(Supplied material):
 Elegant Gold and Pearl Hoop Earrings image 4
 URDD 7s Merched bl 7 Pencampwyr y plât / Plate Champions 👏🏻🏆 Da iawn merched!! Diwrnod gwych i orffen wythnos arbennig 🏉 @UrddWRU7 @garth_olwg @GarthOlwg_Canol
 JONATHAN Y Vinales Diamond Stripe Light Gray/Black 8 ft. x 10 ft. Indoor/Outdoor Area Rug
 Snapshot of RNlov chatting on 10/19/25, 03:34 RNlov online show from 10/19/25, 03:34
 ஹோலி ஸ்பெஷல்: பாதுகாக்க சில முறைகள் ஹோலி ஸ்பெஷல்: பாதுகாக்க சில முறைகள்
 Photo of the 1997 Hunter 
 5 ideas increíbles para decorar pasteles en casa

* * *

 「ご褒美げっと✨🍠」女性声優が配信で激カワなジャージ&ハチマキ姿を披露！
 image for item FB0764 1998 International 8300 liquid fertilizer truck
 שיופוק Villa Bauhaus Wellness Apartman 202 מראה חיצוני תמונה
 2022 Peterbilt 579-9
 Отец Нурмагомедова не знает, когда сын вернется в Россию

(What this task involves): Every line of the records above where the string "image" is found should be copied.

(Solution):
 Elegant Gold and Pearl Hoop Earrings image 4
 image for item FB0764 1998 International 8300 liquid fertilizer truck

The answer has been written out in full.